CACHE_DIR_DATASETS = "cache/datasets"
CACHE_DIR_TOKENIZERS = "cache/tokenizers"
CACHE_DIR_MODELS = "cache/models"

In [3]:
# tokenizer init
tokenizer = AutoTokenizer.from_pretrained(MODEL_NAME, cache_dir=CACHE_DIR_TOKENIZERS)

The secret `HF_TOKEN` does not exist in your Colab secrets.
To authenticate with the Hugging Face Hub, create a token in your settings tab (https://huggingface.co/settings/tokens), set it as secret in your Google Colab and restart your session.
You will be able to reuse this secret in all of your notebooks.
Please note that authentication is recommended but still optional to access public models or datasets.


In [4]:
# helper funcs
def clean():
    # release memory
    garbage_collect()
    cuda_empty_cache()

    mem_info = mem_get_info()
    print(f"Freeing GPU Memory\nFree: %d MB\tTotal: %d MB" % (mem_info[0] // 1024**2, mem_info[1] // 1024**2))

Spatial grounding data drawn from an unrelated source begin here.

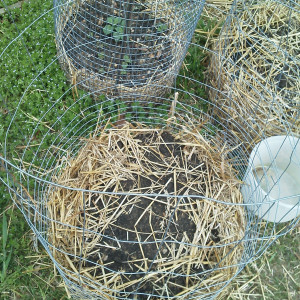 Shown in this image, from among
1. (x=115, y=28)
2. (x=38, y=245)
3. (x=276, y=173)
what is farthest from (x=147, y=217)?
(x=115, y=28)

# set padding token to -100 in labels
def to_label_id(id):
    if (id == tokenizer.pad_token_id):
        return -100
    return id

# preprocess sentence into length 16 token chunks (w/padding)
def preprocess(batch):
    result = tokenizer(
        batch["text"],
        truncation=True,
        padding="max_length",
        max_length=16
        # return_overflowing_tokens=True,
    )
    result['labels'] = list(map(to_label_id, result['input_ids']))

    return result

In [5]:
def postprocess(dataset):
    return dataset.remove_columns('text').with_format('torch')

def load_task3_datasets():
    train_dataset = load_dataset("Llamacha/monolingual-quechua-iic", split="train", cache_dir=CACHE_DIR_DATASETS)
    test_dataset = load_dataset("facebook/flores", "quy_Latn", split="devtest", cache_dir=CACHE_DIR_DATASETS).remove_columns(['id', 'URL', 'domain', 'topic', 'has_image', 'has_hyperlink']).rename_column("sentence", "text")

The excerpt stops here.